*** Opening of Data provided ***

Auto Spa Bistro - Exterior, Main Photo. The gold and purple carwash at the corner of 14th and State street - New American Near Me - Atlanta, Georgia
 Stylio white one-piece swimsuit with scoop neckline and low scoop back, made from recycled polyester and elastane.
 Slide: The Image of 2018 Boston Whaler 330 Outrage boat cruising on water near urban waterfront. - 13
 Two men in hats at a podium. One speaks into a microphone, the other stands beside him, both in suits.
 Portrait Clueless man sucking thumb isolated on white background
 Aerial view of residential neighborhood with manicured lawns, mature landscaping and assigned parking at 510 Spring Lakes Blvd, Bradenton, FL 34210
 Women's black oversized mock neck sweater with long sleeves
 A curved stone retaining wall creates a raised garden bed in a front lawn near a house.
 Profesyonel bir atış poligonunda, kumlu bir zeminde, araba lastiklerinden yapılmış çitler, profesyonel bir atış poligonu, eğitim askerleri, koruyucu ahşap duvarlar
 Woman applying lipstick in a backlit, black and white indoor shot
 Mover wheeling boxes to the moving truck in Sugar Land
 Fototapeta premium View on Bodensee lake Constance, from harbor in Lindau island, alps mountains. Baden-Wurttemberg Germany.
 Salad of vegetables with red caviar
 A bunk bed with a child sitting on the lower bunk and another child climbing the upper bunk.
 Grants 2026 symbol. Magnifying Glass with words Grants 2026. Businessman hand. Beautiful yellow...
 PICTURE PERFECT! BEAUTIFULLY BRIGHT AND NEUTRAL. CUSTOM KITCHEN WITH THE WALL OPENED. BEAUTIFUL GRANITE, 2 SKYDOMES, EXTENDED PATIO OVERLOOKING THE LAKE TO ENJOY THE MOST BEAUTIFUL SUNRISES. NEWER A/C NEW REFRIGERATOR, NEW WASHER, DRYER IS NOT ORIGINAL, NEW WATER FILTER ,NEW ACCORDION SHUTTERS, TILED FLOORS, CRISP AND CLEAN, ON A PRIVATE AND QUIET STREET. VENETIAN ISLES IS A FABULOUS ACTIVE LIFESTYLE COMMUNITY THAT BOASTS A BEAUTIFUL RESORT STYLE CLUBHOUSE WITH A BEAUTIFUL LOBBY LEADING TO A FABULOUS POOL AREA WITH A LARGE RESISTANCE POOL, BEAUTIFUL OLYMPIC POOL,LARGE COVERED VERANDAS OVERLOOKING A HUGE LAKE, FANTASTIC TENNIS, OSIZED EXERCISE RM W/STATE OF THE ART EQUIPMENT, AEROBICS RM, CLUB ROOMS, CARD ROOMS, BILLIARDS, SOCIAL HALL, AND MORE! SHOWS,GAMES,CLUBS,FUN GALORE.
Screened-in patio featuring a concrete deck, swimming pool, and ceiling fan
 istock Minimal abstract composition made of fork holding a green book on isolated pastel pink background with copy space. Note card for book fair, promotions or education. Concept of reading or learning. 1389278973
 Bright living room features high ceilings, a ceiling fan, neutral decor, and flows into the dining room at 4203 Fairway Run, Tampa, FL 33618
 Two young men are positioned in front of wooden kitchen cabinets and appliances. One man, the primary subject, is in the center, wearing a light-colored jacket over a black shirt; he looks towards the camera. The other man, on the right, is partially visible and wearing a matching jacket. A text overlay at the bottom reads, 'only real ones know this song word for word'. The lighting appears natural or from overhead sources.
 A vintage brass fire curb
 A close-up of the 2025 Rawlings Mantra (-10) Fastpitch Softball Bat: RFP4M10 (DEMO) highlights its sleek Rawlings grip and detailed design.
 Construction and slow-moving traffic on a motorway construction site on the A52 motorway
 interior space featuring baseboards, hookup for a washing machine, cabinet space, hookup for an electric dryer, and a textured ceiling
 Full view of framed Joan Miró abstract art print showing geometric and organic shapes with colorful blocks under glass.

*** Close of Data provided ***

#### [To do]
What the answer should hold is an exact copy of each line from the one containing "Construction and slow-moving" to the final line of the listing above.

#### [Solution for this exercise]
 Construction and slow-moving traffic on a motorway construction site on the A52 motorway
 interior space featuring baseboards, hookup for a washing machine, cabinet space, hookup for an electric dryer, and a textured ceiling
 Full view of framed Joan Miró abstract art print showing geometric and organic shapes with colorful blocks under glass.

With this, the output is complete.